▸ Entries shown:
+ + +
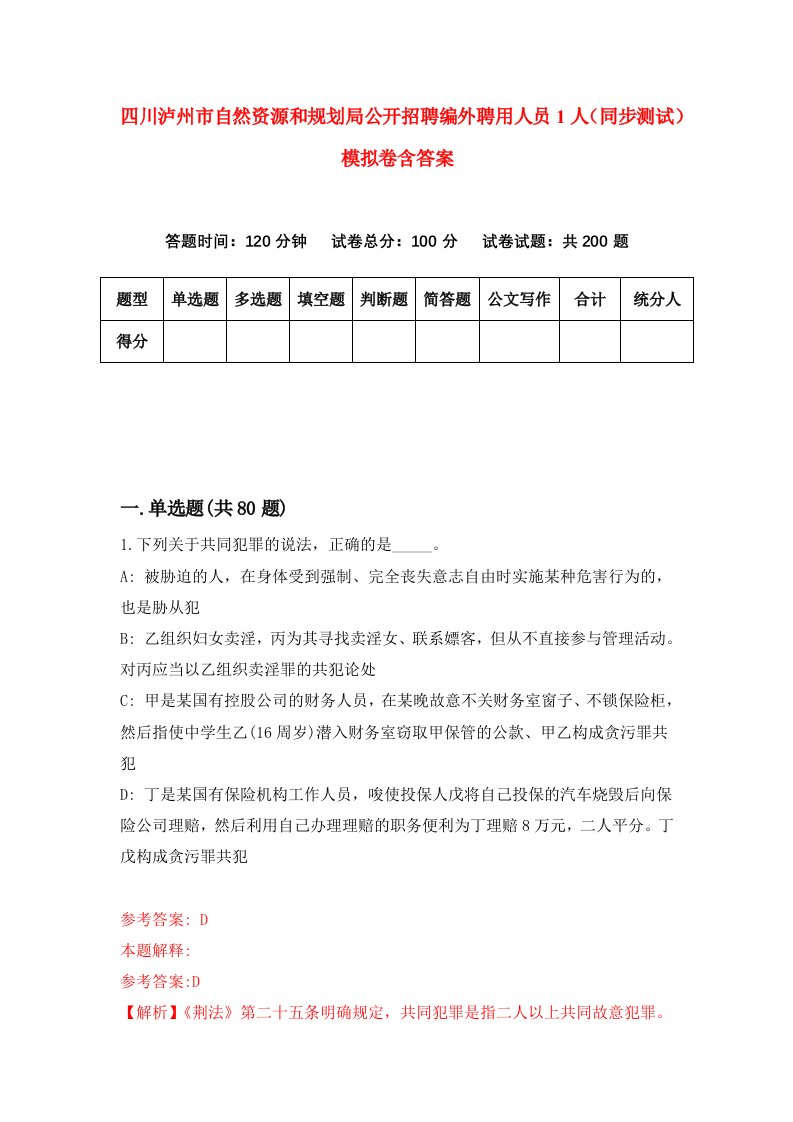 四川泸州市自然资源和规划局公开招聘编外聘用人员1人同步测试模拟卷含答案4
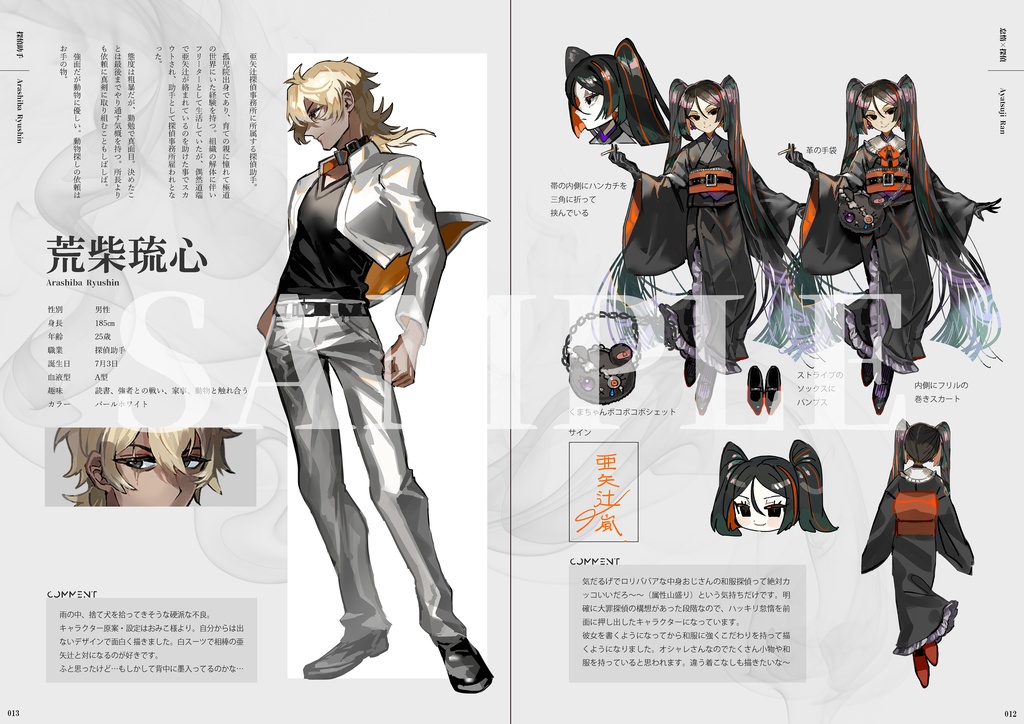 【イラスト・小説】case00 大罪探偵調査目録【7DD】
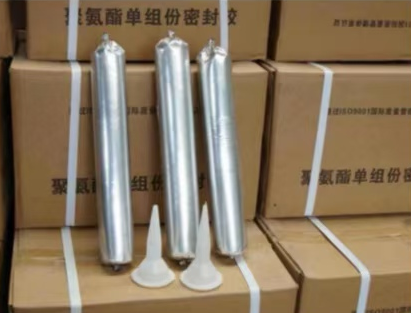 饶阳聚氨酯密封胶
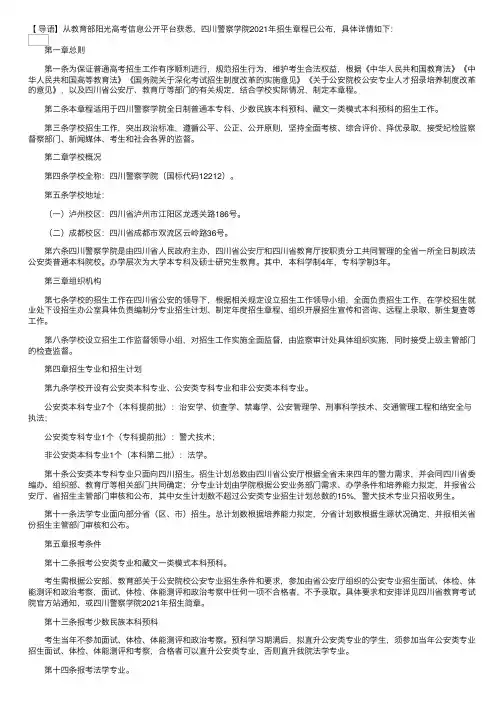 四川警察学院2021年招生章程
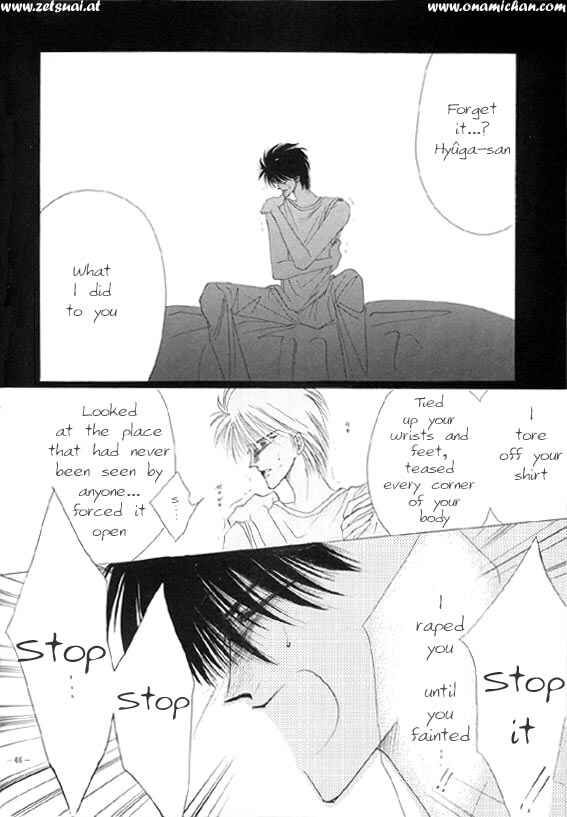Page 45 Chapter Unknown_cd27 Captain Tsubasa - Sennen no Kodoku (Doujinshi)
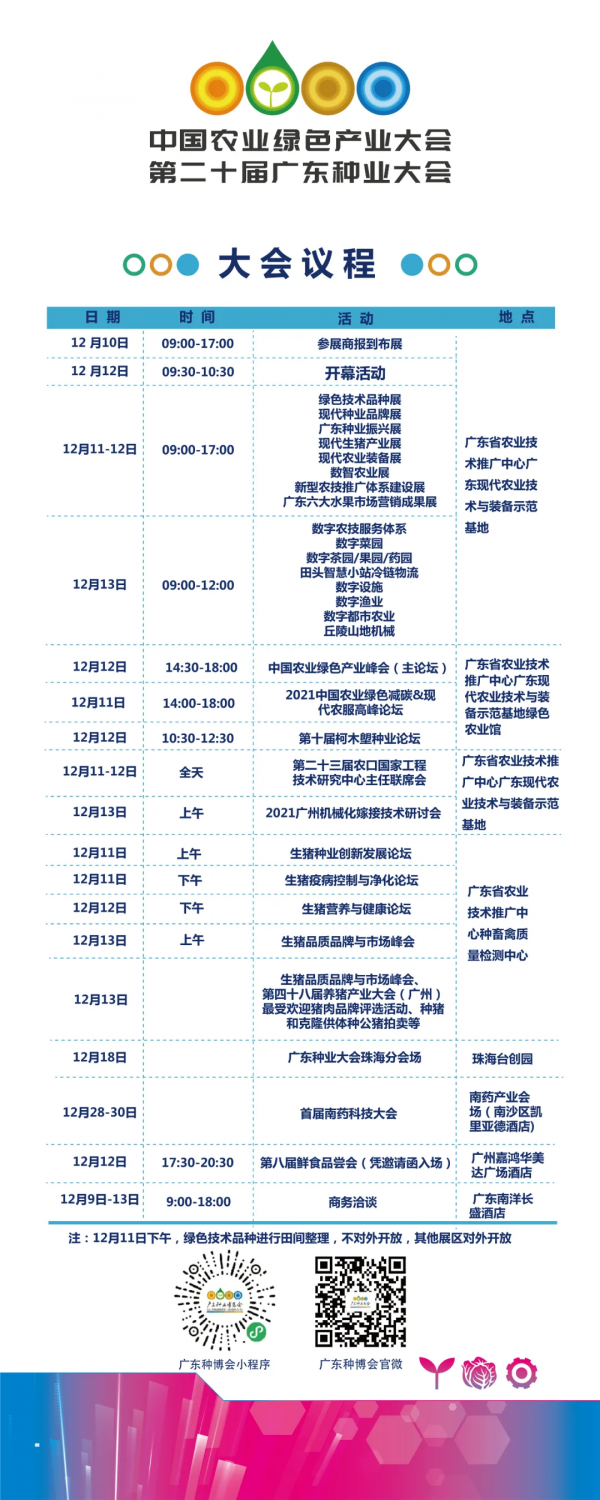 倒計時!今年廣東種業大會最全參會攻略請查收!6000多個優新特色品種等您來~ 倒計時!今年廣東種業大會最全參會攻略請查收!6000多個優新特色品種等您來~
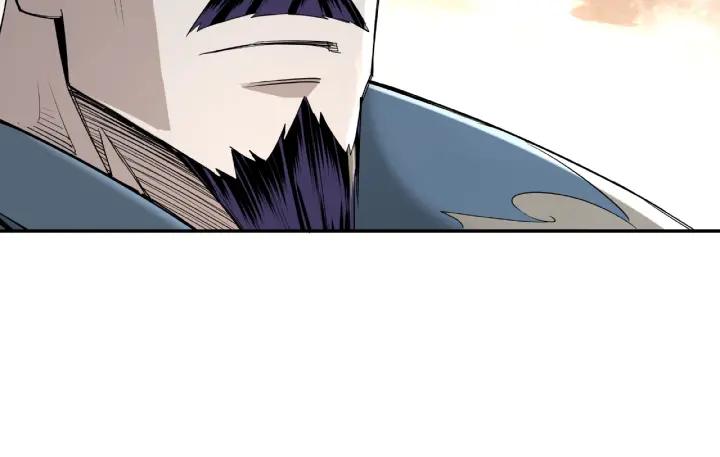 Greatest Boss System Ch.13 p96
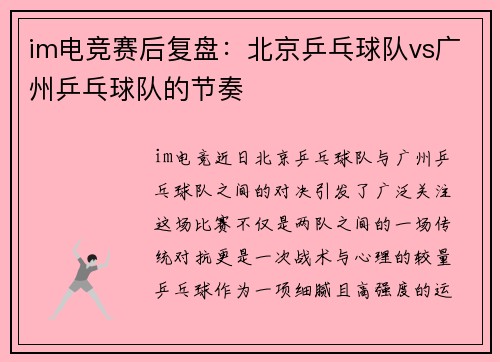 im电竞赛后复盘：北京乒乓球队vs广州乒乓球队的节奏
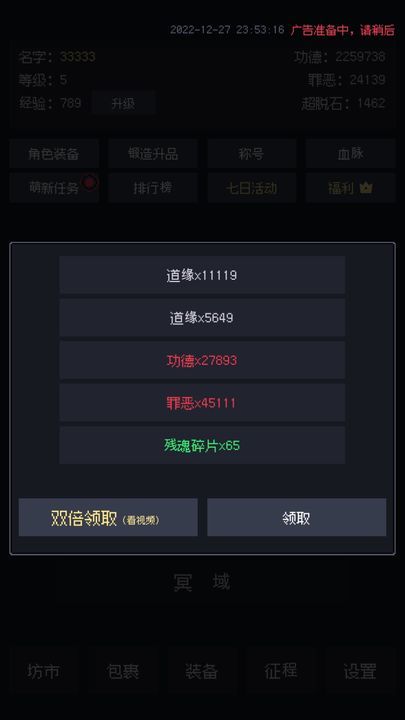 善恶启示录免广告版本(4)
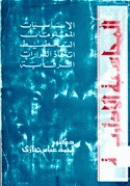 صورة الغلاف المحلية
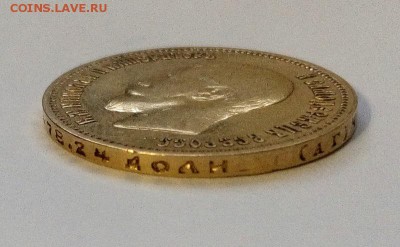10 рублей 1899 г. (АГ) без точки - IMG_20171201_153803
+ + +
▸ Exercise description:
The listing above is to be written out again exactly, with its pictures omitted.

▸ Task output:
 四川泸州市自然资源和规划局公开招聘编外聘用人员1人同步测试模拟卷含答案4
 【イラスト・小説】case00 大罪探偵調査目録【7DD】
 饶阳聚氨酯密封胶
 四川警察学院2021年招生章程
Page 45 Chapter Unknown_cd27 Captain Tsubasa - Sennen no Kodoku (Doujinshi)
 倒計時!今年廣東種業大會最全參會攻略請查收!6000多個優新特色品種等您來~ 倒計時!今年廣東種業大會最全參會攻略請查收!6000多個優新特色品種等您來~
 Greatest Boss System Ch.13 p96
 im电竞赛后复盘：北京乒乓球队vs广州乒乓球队的节奏
 善恶启示录免广告版本(4)
 صورة الغلاف المحلية
10 рублей 1899 г. (АГ) без точки - IMG_20171201_153803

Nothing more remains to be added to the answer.